• **WORK TASK**: Once you have located the line containing "Капот VW Golf" in the material below, return it exactly along with each line after it through the line containing "Reach International 41-13483 Radiator".

• **DATA PROVIDED**:
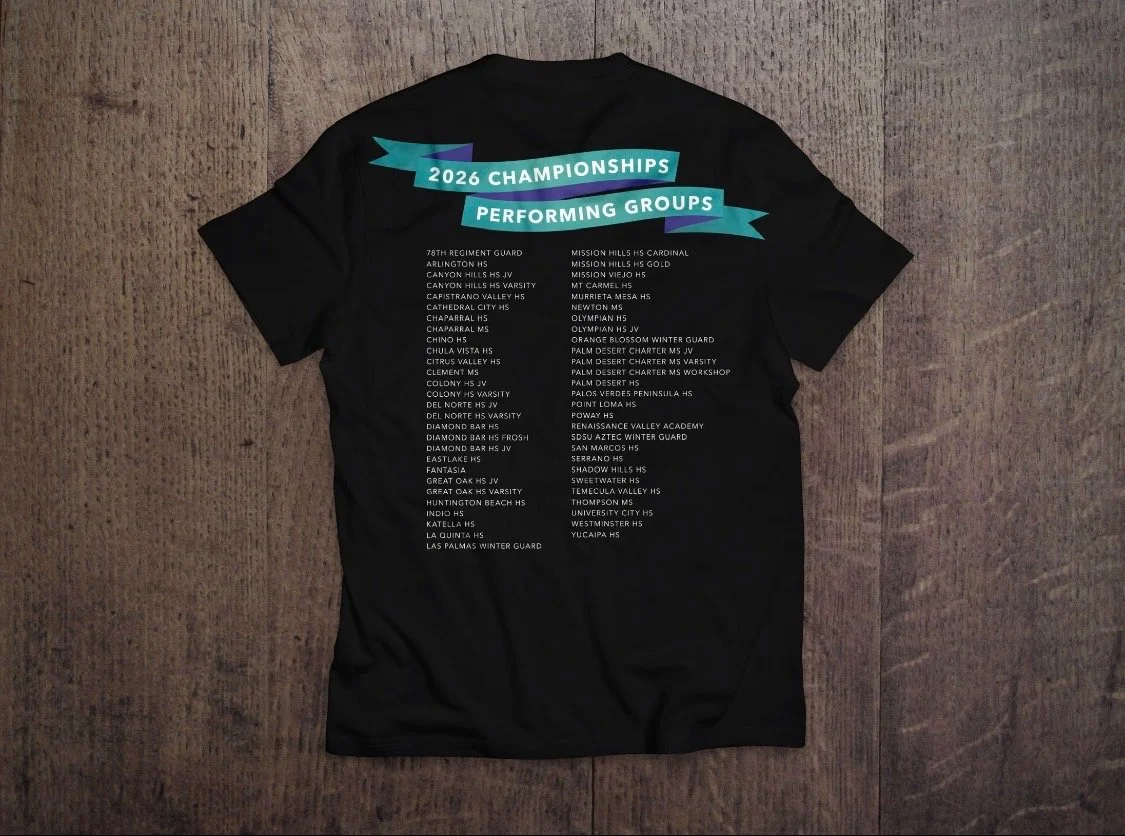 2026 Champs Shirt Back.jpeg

...

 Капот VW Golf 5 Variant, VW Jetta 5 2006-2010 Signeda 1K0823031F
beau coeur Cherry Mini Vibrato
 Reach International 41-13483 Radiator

* * *

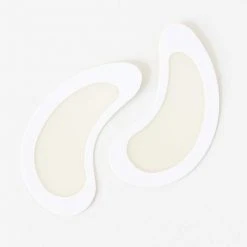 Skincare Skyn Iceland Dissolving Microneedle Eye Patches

• **RESPONSE BOX**:
 Капот VW Golf 5 Variant, VW Jetta 5 2006-2010 Signeda 1K0823031F
beau coeur Cherry Mini Vibrato
 Reach International 41-13483 Radiator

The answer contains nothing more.